An interview by Gregory Dominato of Anthony Blake on this subject can be accessed at IdiotPlayers
Most things happened mostly by momentum and my readings of the last two series of writings by Gurdjieff are probably no exception. Though, after completing the First Series, I was considering his next two books as possible candidates for my ministrations, amongst others such as Rene Daumal's Mount Analogue, it was a chance remark by someone thanking me for the Beelzebub readings that impelled me to make a start and see where it led me. Of course, there is the edict, as pronounced somewhere by Gurdjieff himself, "better not to start; but, if start, better finish". I had long been attracted to the idea of the Second Series, with its travelogues and portraits of "remarkable men" and I looked forward to it also as a relief from the intensive demands of sustaining the paragraph sentences of Beelzebub, which would tax any mortal, I feel, not least because the punctuation adds to the torture of reading it aloud. Here I must add that there are two main axes of challenge in reading Gurdjieff at his most expansive; one of them is simply finding ways to breathe as some sentence goes on perhaps forasmuch as a whole page, the punctuation not adequate enough for this, or I might say, only something an underwater swimmer with highly developed lungs could manage, the other being the challenge of meaning, even at the basic level of recognising and conveying the interrelationships of the plethora of clauses Gurdjieff intertwines, as if making a tapestry. But I remember well, on reading my very first chapter "The Arousing of Thought" the feeling for a kind of musically-notated script behind the words, a pattern of its meaning, capable of guiding the reading.
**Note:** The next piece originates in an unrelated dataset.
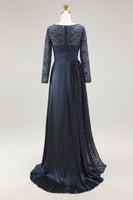 Load image into Gallery viewer, Navy A Line Lace Floor Length Mother of the Bride Dress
The shift of struggle from Beelzebub to Meetings is appealing but Gurdjieff of course is still provocative and sets the reader up with the diatribe of a wise Persian directed against Western literature which turns out, in fact, to consist of stories about journalists in Azerbaijan and with some unlikely tale of superior journalists in ancient Babylon. Meetings also has a sting in its tail, in the infamous last chapter "The Material Question" which not only contains the amusing story about manufacturing corsets but also a harrowing account of Gurdjieff's financial disasters, placed in the context of human conflict and suffering in the region he was brought up in, the chapter ending with the collapse of his proposed business in antiques in New York because of the crash on Wall Street. Gurdjieff certainly knows how to work the emotions of the reader, in this being true to his expressed conviction that understanding without feeling is misunderstanding (let alone the automatic instinct I will get to later). I've felt myself moved, infuriated, depressed, excited in equal measures. Much of his portraiture of people is pious in the extreme, so that one has to weep over the account of his father and his desire for is his grave to be found and marked with a special inscription, or anonymously attending the Mass arranged for the soul of Dean Borsh.
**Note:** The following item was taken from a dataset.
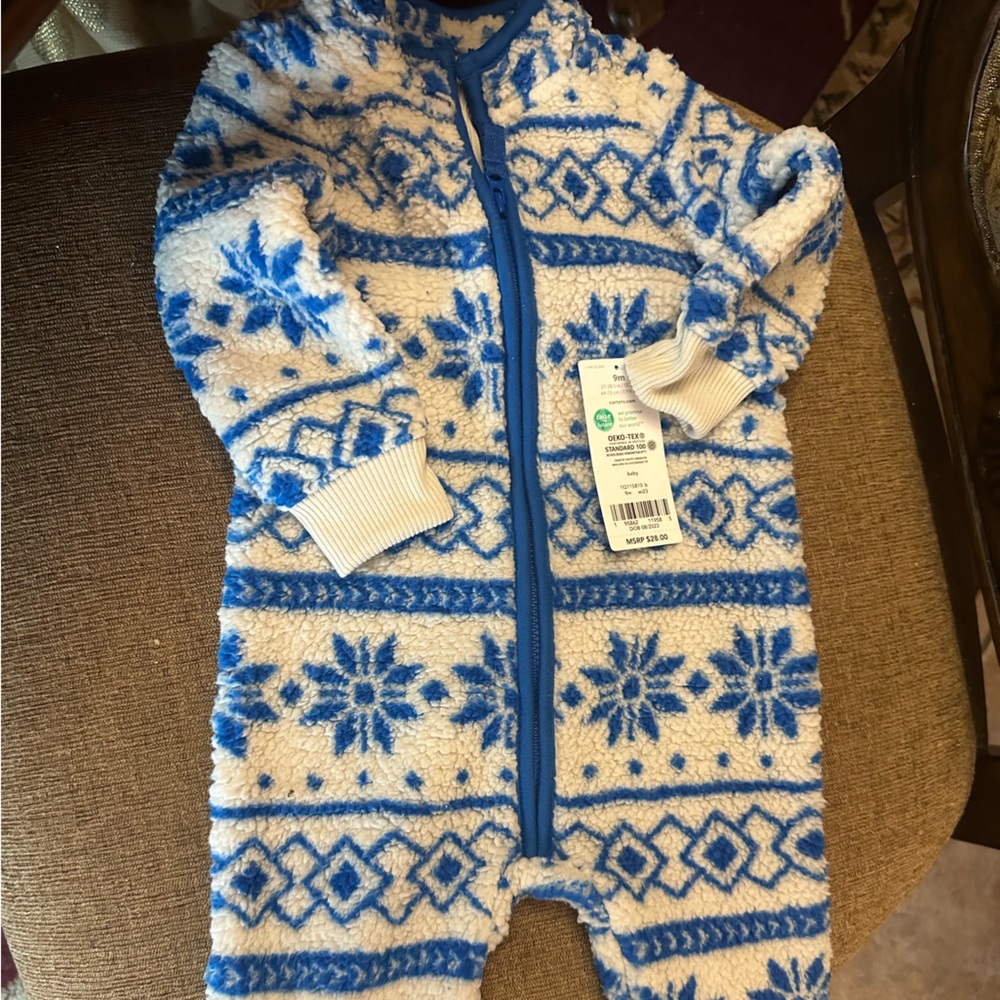 Blue and White Patterned Baby Furry Onsie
As to the form of the writing, Gurdjieff himself tells the reader, in the chapter on professor Skridlov, that he is going to write in a certain way - of course it has to be an ancient and not a modern way - called "making images without words" a peculiar phrase not least because he goes on to paint word pictures of scenes on the river Amu Darya, and then resumes his usual flow. The clue, of course, is to thinking images, or "mentation by form" and some people such as Henderson have attested to the action of such thinking being awakened by reading Meetings in particular, but all of Gurdjieff's books offer images endowed with feeling that work "of themselves" in one's mind, but not the surface mind of linear attention but Gurdjieff's famous "subconsciousness" deeper down still but capable I suppose of informing us somehow.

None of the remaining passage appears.